In connection with the annual impairment test in 2010, significant judgments were required in order to
estimate our fair value. We based our determination of fair value primarily upon our average market capitalization
for the month of August, plus a control premium. Average market capitalization is calculated based upon the
average number of shares of Leap common stock outstanding during such month and the average closing price of
Leap common stock during such month. We considered the month of August to be an appropriate period over which
to measure average market capitalization in 2010 because trading prices during that period reflected market reaction
to our most recently announced financial and operating results, announced early in the month of August.
In conducting the annual impairment test during the third quarter of 2010, we applied a control premium of
30% to our average market capitalization. We believe that consideration of a control premium is customary in
determining fair value, and is contemplated by the applicable accounting guidance.
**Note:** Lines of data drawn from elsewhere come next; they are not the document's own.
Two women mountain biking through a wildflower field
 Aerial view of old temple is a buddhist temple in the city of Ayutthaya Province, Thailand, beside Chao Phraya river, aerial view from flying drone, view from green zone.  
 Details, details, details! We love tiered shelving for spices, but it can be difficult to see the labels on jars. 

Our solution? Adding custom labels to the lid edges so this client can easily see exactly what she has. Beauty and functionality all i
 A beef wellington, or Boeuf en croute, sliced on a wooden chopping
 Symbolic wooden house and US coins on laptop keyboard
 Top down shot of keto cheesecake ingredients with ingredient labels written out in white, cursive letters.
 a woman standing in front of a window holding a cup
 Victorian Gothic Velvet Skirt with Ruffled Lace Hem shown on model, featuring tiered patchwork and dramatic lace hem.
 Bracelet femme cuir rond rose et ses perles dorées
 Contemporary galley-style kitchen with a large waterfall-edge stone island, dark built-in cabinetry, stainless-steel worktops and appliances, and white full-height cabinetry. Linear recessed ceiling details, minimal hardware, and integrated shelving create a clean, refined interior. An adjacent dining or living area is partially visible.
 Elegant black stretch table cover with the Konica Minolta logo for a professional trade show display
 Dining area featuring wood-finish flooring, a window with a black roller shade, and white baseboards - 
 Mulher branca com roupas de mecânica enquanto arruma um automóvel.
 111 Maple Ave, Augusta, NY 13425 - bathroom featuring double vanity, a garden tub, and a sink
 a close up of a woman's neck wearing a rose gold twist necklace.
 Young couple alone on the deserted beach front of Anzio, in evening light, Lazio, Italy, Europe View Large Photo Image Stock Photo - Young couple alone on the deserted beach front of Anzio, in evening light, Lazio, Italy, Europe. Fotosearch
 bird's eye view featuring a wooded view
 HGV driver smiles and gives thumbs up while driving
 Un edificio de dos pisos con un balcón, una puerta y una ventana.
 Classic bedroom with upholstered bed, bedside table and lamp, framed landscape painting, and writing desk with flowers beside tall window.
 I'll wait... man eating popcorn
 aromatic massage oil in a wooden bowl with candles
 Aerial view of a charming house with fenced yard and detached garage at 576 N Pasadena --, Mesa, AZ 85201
We believe that our
consideration of a control premium was appropriate because we believe that our market capitalization does not
fully capture the fair value of our business as a whole or the additional amount an assumed purchaser would pay to
obtain a controlling interest in our company. We determined the amount of the control premium as part of our third
quarter 2010 impairment testing based upon our relevant transactional experience, a review of recent comparable
telecommunications transactions and an assessment of market, economic and other factors. Depending on the
circumstances, the actual amount of any control premium realized in any transaction involving our company could
be higher or lower than the control premium that we applied.
The carrying value of our goodwill was $430.1 million as of August 31, 2010. As of August 31, 2010, the
carrying value of our net assets exceeded the fair value of our company, determined based upon our average market
capitalization during the month of August 2010 and applying an assumed control premium of 30%. As a result, we
performed the second step of the assessment to measure the amount of any impairment. Under step two of the
assessment, we performed a hypothetical purchase price allocation as if our company was being acquired in a
business combination and estimated the fair value of our identifiable assets and liabilities. This determination
required us to make significant estimates and assumptions regarding the fair value of both our recorded and
unrecorded assets and liabilities such as customer relationships, wireless licenses and property and equipment. This
step of the assessment indicated that the implied fair value of our goodwill was zero, as the fair value of our
identifiable assets (net of liabilities) as of August 31, 2010 exceeded the fair value of our company. As a result, we
recorded a non-cash impairment charge of $430.1 million in the third quarter of 2010, reducing the carrying amount
of our goodwill to zero.
On October 1, 2010, we and Pocket contributed substantially all of our respective wireless spectrum and
operating assets in the South Texas region to a new joint venture, STX Wireless, which is controlled and managed
by Cricket. The excess purchase price over the fair value of the net assets acquired by STX Wireless
was$31.1 million and was allocated to goodwill on our consolidated balance sheet at December 31, 2010.